Here's the photo I didn't manage to take after last week's Confirmation. The Vicar of St. Cuthbert's, Benfieldside with Frank Barnes and Dorothy Dover, both newly-confirmed by the Rt. Revd. Tom Wright, Bishop of Durham.

In the Rite of Confirmation, the individual Christian affirms his or her faith, and the Bishop confirms it in prayer with Christ's people. So the individual and the corporate come together. I believe, but as part of a greater whole.

Sunday's Gospel reading took us to the example of faith we find in the woman who pressed through the crowd to touch the hem of Jesus' cloak and to find healing - and the challenge to faith we find in the death of Jairus's daughter. I preached on them, and you can find the homily here. I found it worth quoting from the challenge to faith which the late Cardinal Basil Hume found in his enounter with starvation in Ethiopia - and with one individual in particular. They're his words, reproduced in the week's issue of "The Tablet:"


“This small boy came up to me and gripped my hand. With his other hand he pointed to his mouth. That was his way of telling me he was very hungry. I said to the interpreter: ‘Tell the little boy that I’ve come here to go home and make certain that food is sent to him.’ He went on doing this, but he also got hold of my hand and rubbed it against his cheek. I couldn’t understand that, but for the whole hour I was in that camp that little boy wouldn’t let go of my hand, and from time to time rubbed it on his cheek. He was very, very hungry … I remember speaking with that boy and asking him through the interpreter: ‘Why are you looking so sad?’ and he answered very simply in his own language: ‘I am hungry.’ I could see in that face the suffering Christ, and I realised just what a terrible scourge physical hunger is. But also there was an echo from the Cross which Our Lord spoke when he said: ‘I thirst’, and how he thirsts for us and wants us… Then, when the visit was ended and I had to go elsewhere, the little boy stood – I can see him now – feet astride, his hands on his waist, and looked at me almost with reproach.

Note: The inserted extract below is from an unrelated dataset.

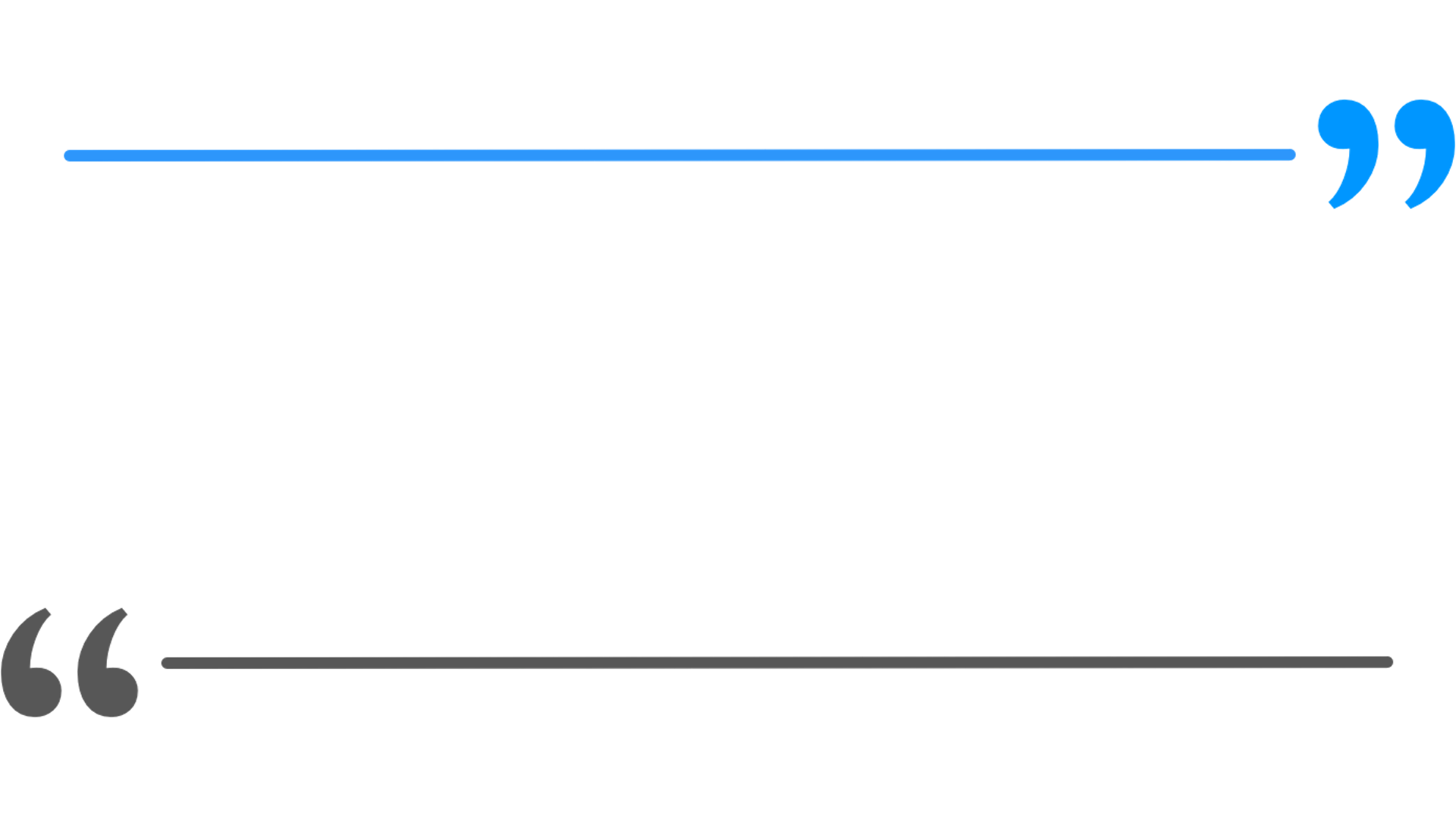 Übersetzungsbüro Noske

I could see in his face, ‘Why are you leaving me behind?’ I felt awful because there was no way I could take that little boy and bring him back to England.

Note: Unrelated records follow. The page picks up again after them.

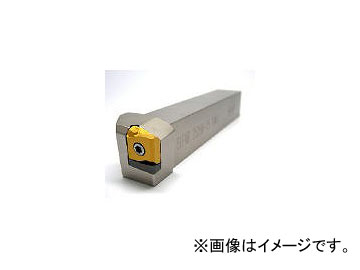 �C�X�J��/ISCAR X �փ��^�[��/�z���_�[ SLFNR2525M15TANG(3388913)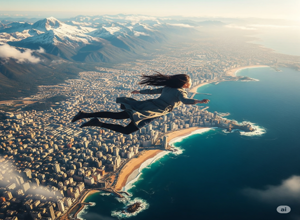 khwab ka rishta haqiqat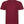80 x Pro RTX Work Polos in Burgundy by Print Lab Deals — Custom branded clothing by Print Press, featuring premium embroidery produced in our specialist print lab in the UK.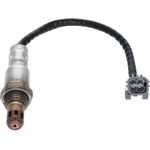 Order NGK CANADA - 25249 - Oxygen Sensor For Your Vehicle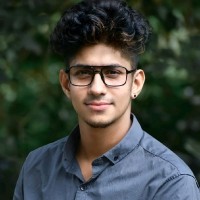 Abhijith Vp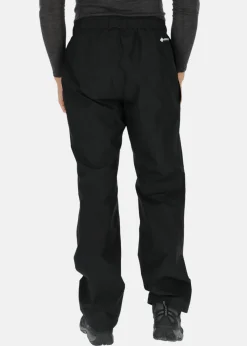 Haglöfs Betula GTX Pant Men
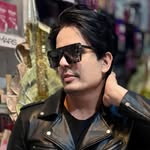 Javed_ali_4386 - @raza__fancy - Instagram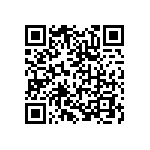 CMF55325K00FHEB70 QRCode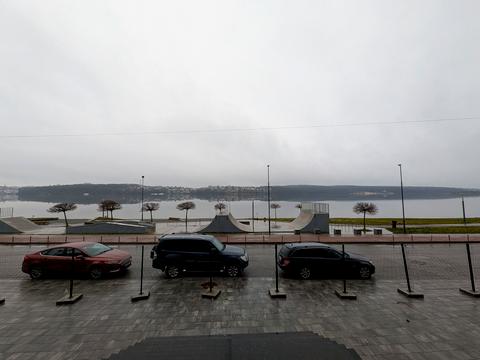 комерційна за адресою Білецька вул., 47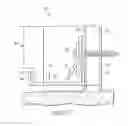 Fig. 09 - Curtain wall system and method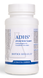 Biotics ADHS Tabletten 120TB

“I realised that when you’re lost and are very hungry, and you are abandoned, you have a craving for two things: for food and for drink and for love … It was the next day when I was celebrating Mass that I understood as I’ve never understood before, the secret of Holy Communion. Our Lord, realising how much we need love, how much we need to be fed by him, had this marvellous way of doing it: by giving himself to us. When I visited Ethiopia … I saw clearly how when people are abandoned and dying of hunger they crave for love and for life … I have never forgotten that incident and to this day wonder whether that child is still alive. I remember when I boarded the helicopter he stood and looked reproachfully. An abandoned, starving 10-year-old child … A little boy who taught me in a wonderful way something very important about going to Holy Communion. I have often wondered since what happened to him.”